Once the pictures have been removed, repeat the remainder of the records exactly.
**** Dataset entries ****
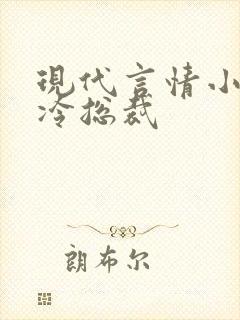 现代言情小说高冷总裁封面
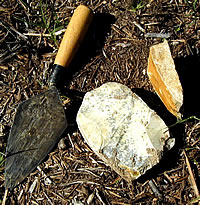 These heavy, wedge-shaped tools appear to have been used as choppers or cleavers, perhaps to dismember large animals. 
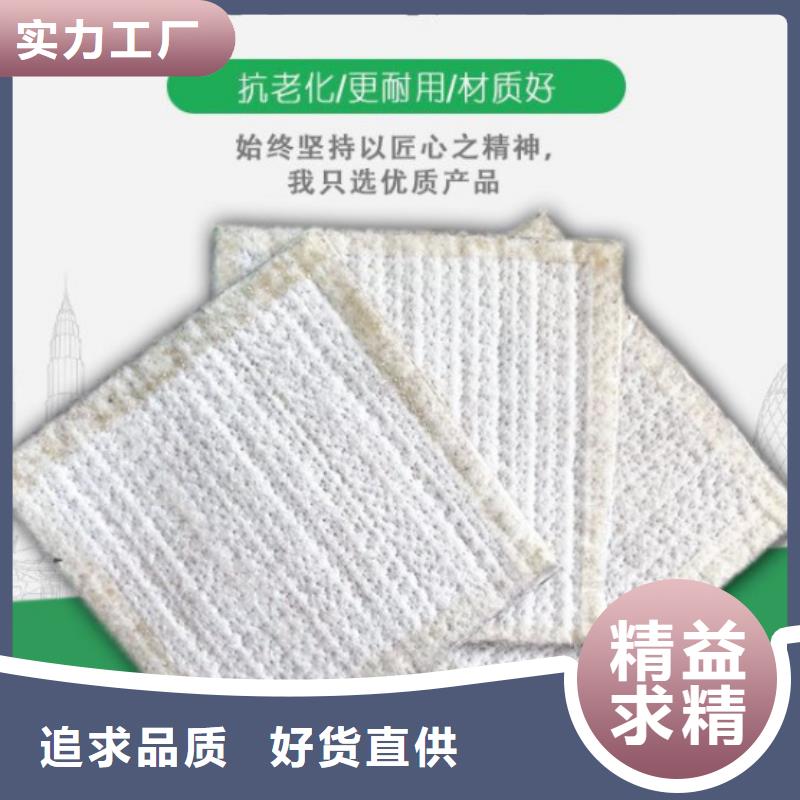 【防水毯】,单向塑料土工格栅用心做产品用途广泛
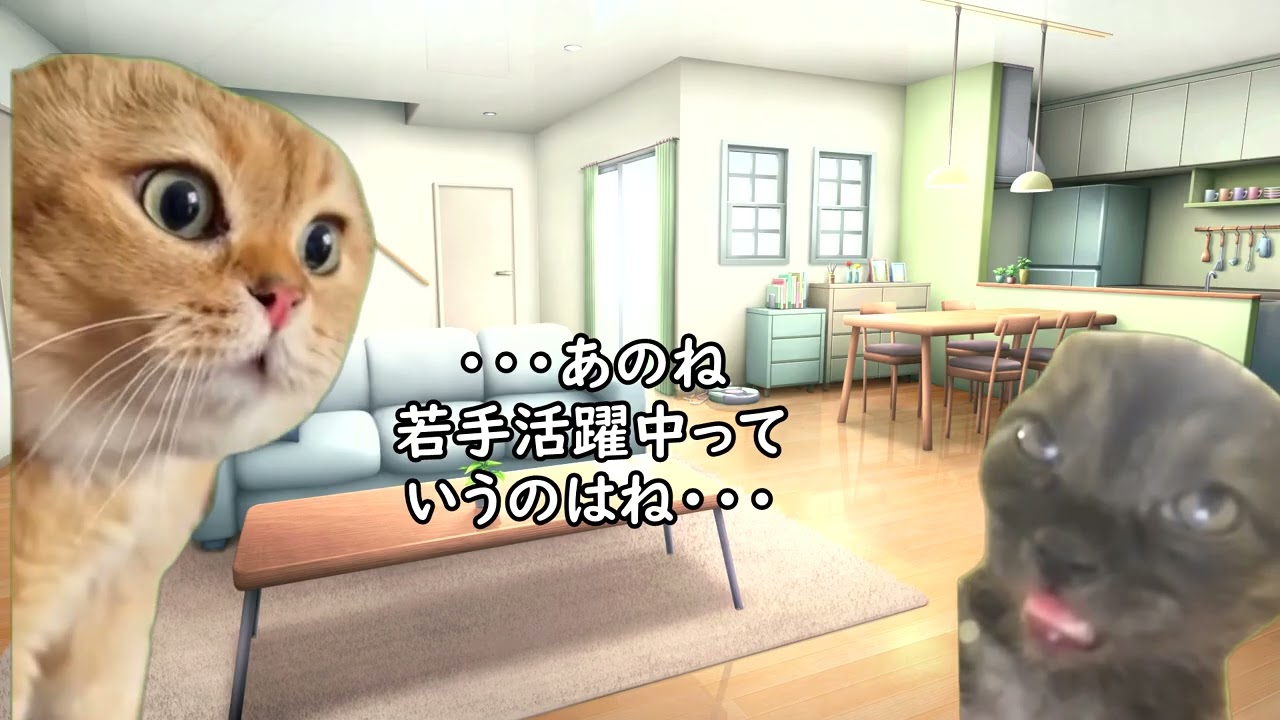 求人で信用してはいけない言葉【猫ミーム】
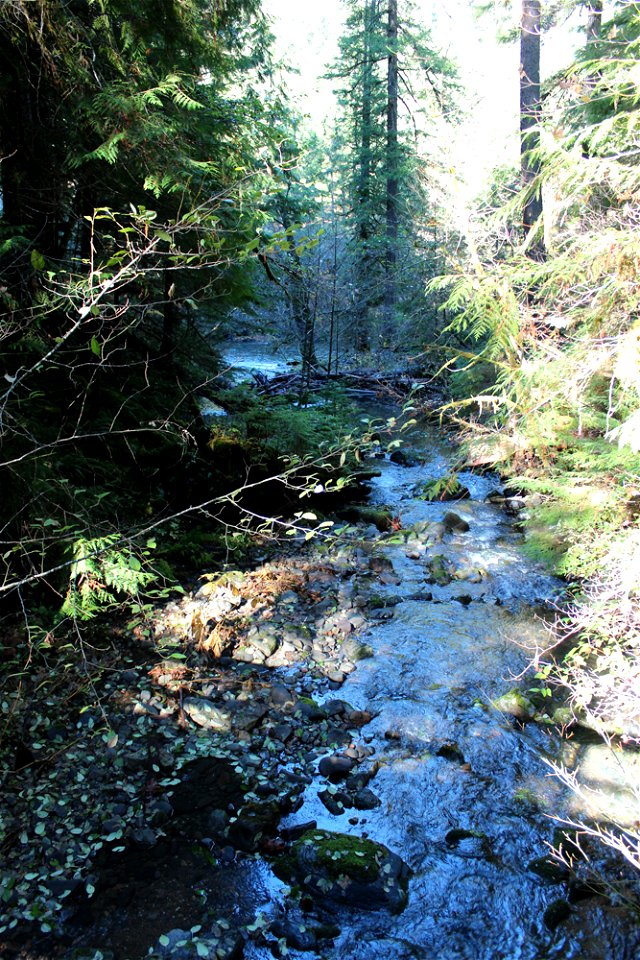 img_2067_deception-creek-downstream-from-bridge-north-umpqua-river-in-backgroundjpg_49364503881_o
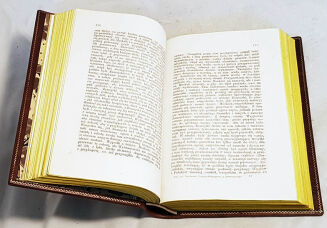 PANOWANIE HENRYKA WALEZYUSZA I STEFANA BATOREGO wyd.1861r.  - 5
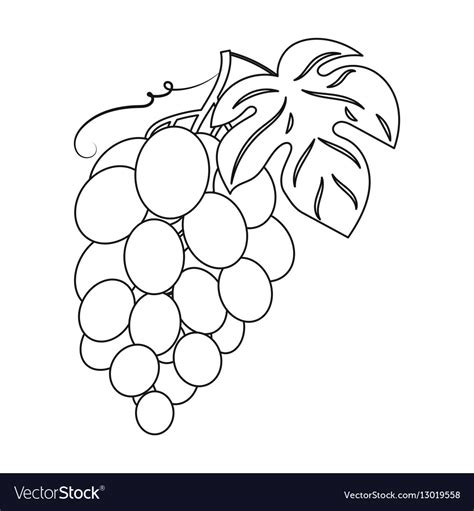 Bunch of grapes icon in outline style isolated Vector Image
****
Answer section ->
 现代言情小说高冷总裁封面
 These heavy, wedge-shaped tools appear to have been used as choppers or cleavers, perhaps to dismember large animals. 
 【防水毯】,单向塑料土工格栅用心做产品用途广泛
 求人で信用してはいけない言葉【猫ミーム】
 img_2067_deception-creek-downstream-from-bridge-north-umpqua-river-in-backgroundjpg_49364503881_o
 PANOWANIE HENRYKA WALEZYUSZA I STEFANA BATOREGO wyd.1861r.  - 5
 Bunch of grapes icon in outline style isolated Vector Image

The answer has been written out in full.